Pour Victor Arbekov, la cause est entendue : il va trop vite et son avance augmentera jusqu’àl’arrivée qu’il passera en triomphateur. Joël Robert, second, gardera cette place et terminera avec 25,5’’ de retard sur le Soviétique (rien à faire, nous dit-il plus tard, il était plus fort que moi et, souffrant des mains après la première manche, je n’ai pas pu suivre le rythme qu’il imposait).

Par contre pour les autres, la seconde partie de la course détermine encore des changements. Draugs, terminant fort, s’assure la troisième place, entraînant avec lui Pilar et Blomqvist qui relèguent Hallman derrière eux. Yakovlev ayant refait treize places en tout, s’assure la septième position devant Andersen, Walz, Dezhinov qui a rejoint le second groupe où figure encore Jonsson et Pilati, revenu en tout de dix places (il faut le faire), dans une telle course !).


Otto Walz


Enfin dans le troisième groupe, les Espagnols ont pris l’avantage avec dans l’ordre Sanchez, Bulto, Pi devant Clérici très combattif sur la fin, Johannessen, Moeller, Cervone qui a refait huit places.

Avec deux des trois Grand-Prix courus à son actif, avec sa démonstration de Saint-Quentin, Arbekov nous amène à nous poser cette question : son foudroyant début dans le Championnat du Monde 1965 est-il dû, pour une part, au fait que Joël Robert n’a pas encore retrouvé la fantastique cadence qu’il a soutenue en 1964…ou bien l’as moscovite a-t-il surpassé cette cadence et, après le prodige belge, nous apporte-t-il le super-prodige soviétique ?

Certes, après trois Grands Prix (sur 15 au total) rien n’est dit. Mais néanmoins, nous pencherions vers la seconde hypothèse. Arbekov a 23 ans, n’a derrière lui que trois années de pratique et ce n’est guère que depuis 18 mois qu’il s’est fait connaître sur le plan international. Son rythme, son style traduisent donc un champion-né, un phénomène comme Joël Robert en est un par ailleurs.

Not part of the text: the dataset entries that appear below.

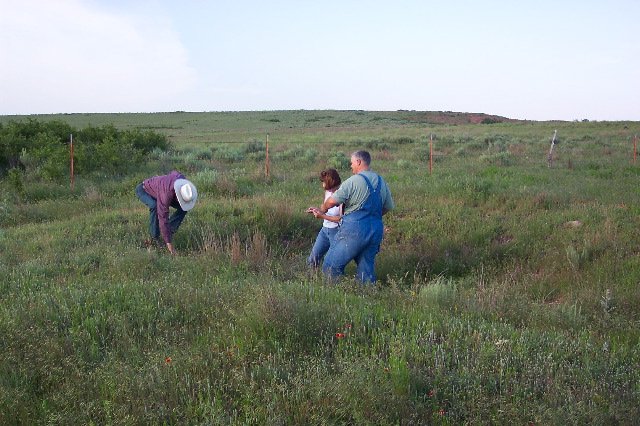 Mike Platt, Teresa (Rumsey) Chapman and Gerald 'Buck' Rumsey at Rumsey town site..

Photo courtesy of Phyllis Scherich.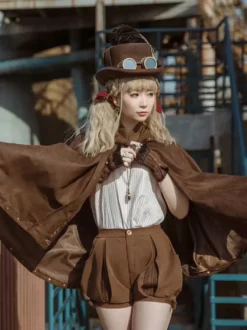 Poncho gothique Lolita en daim marron foncé Vêtements d'extérieur Lolita d'automne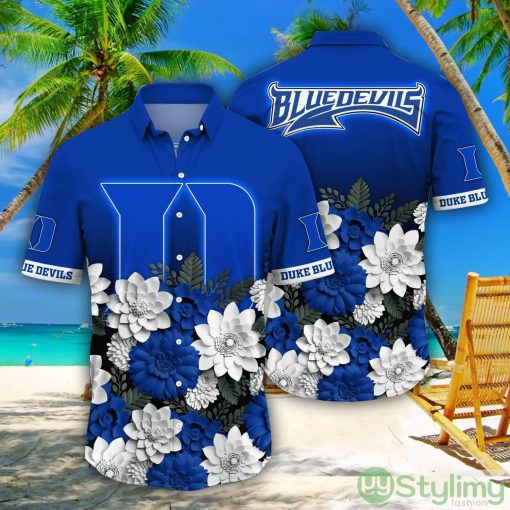 Duke Blue Devils NCAA2 Flower Pattern Hawaiian Shirt For Fans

Seulement, pour Arbekov, les conditions ne sont pas les mêmes. Il est soviétique, c’est un service patriotique qu’il accomplit en tentant de remporter le premier titre mondial qui ira peut-être en Union Soviétique du point de vue motocycliste. Et vous pouvez nous en croire, ce ressort-là est, pour Arbekov, un fameux facteur de volonté dans le désir de vaincre !

Joël Robert, bien sûr, n’a pas dit son dernier mot. Il peut encore assurer ses chances de conserver son titre mondial mais, ce qui nous parait moins évident, c’est qu’il puisse en tout cas parvenir à ce résultat d’ici juillet, pour ensuite tenter comme prévu cet hiver de remporter le titre mondial en 500cc, accomplissant ainsi un exploit unique dans l’histoire du motocross. Victor Arbekov ou Joël Robert ? Ou encore Arbekov en 250cc et Robert en 500cc ? Toujours des hypothèses, mais qui, de toute manière, assureraient la suprématie de CZ sur toutes les autres marques sportives ! Il faut attendre quelques Grands Prix de plus pour vérifier cela !

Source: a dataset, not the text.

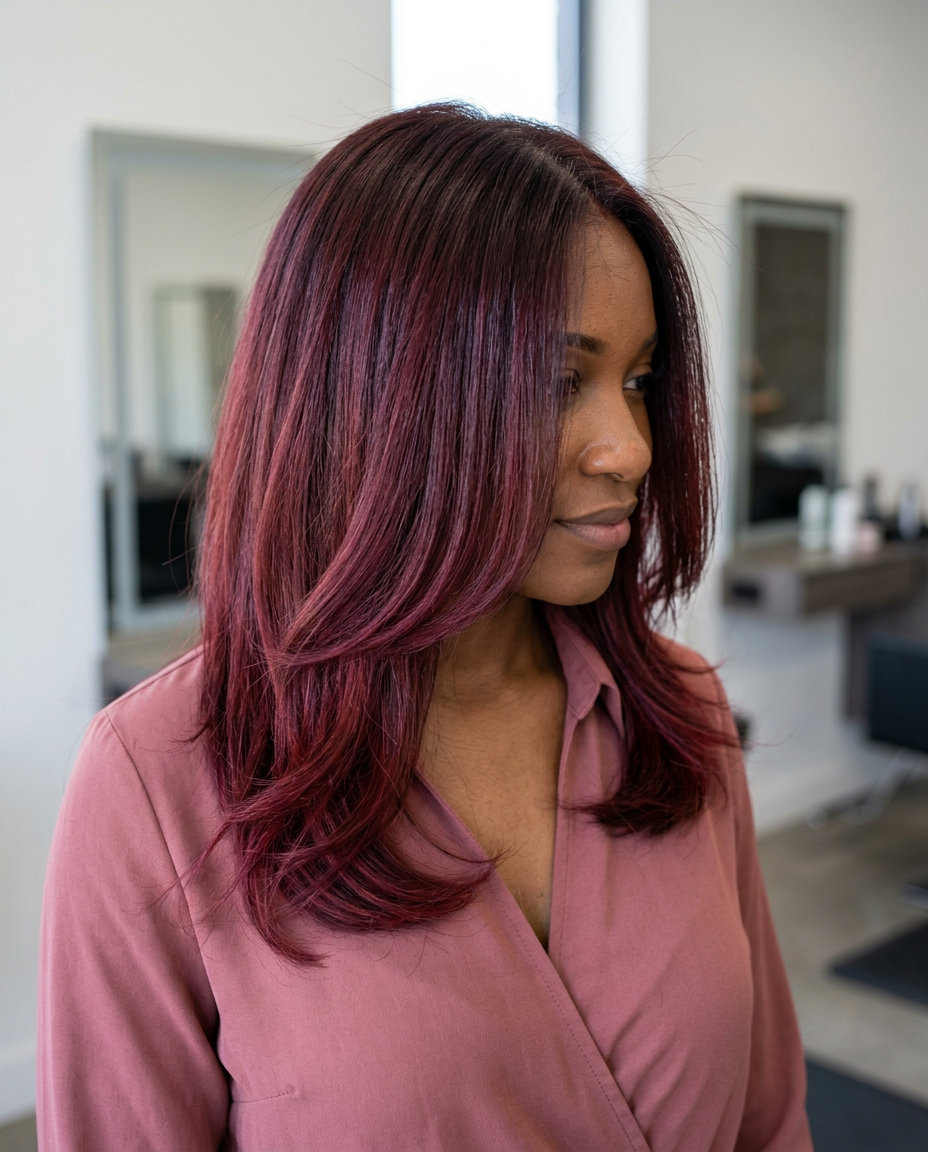 long cherry cola color melt with red-violet ends, seamless blend, no fringe — vibrant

Pour une fois, nous ne sommes pas rentrés d’un Grand Prix de France avec, au cœur, la déception habituelle d’y avoir vu la France totalement ridiculisée. Nous devons cela au jeune Marseillais Johnny Pilati qui a obtenu un classement parfaitement enviable et, en plus encore, a lutté très joliment avec des adversaires expérimentés pour parvenir à ce résultat flatteur.

Il faut continuer, Johnny, il faut faire maintenant beaucoup de courses dures et, dès 1966 essayer quelques Grands Prix à l’étranger. Ce ne sera pas du temps perdu ! Clérici, certes, nous a un peu déçus. Reconnaissons toutefois que, montant une Bultaco en place de son habituelle HVA, il ne s’est pas trouvé à l’aise. Mais pourquoi, justement changer de marque à l’occasion d’une épreuve aussi importante ?

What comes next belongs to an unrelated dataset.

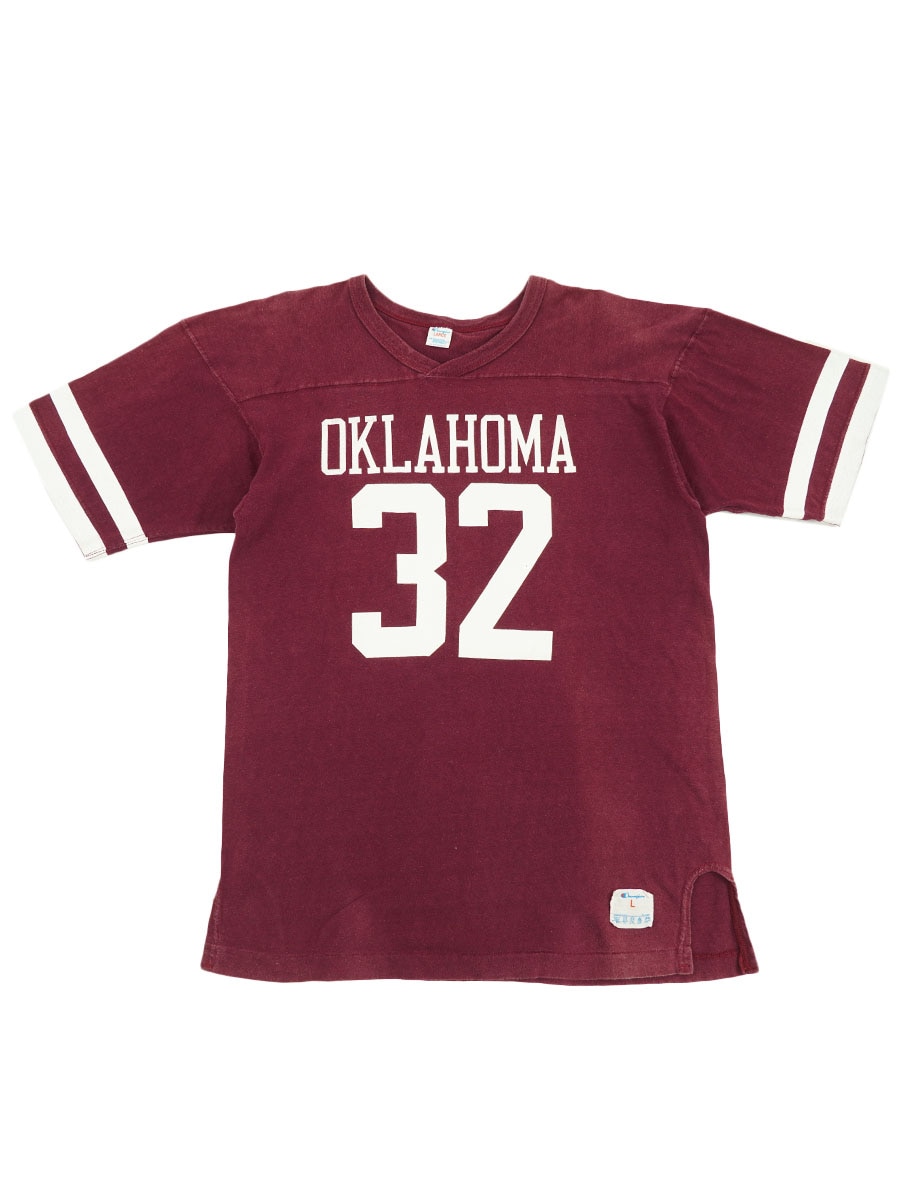 80's トリコタグ チャンピオン ''OKLAHOMA #32'' 両面ナンバリング フットボールT 表記(L)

Un aspect du duel Clerici-Bulto


Gilles Portal, Cervone sont encore à retenir. Ils ont eu des malheurs, ils ont tout à apprendre mais ils sont jeunes et prometteurs. Eux aussi devraient travailler leur métier dans les grandes épreuves. Denis Portal s’est sans doute ressenti de son accident de Cognac, la semaine précédente. Il est difficile de le juger sur cette course mais sans doute doit-il encore beaucoup travailler. Quant à Sauton, il a cassé à l’entrainement, dans la course encore mais a fait tout son possible pour terminer courageusement.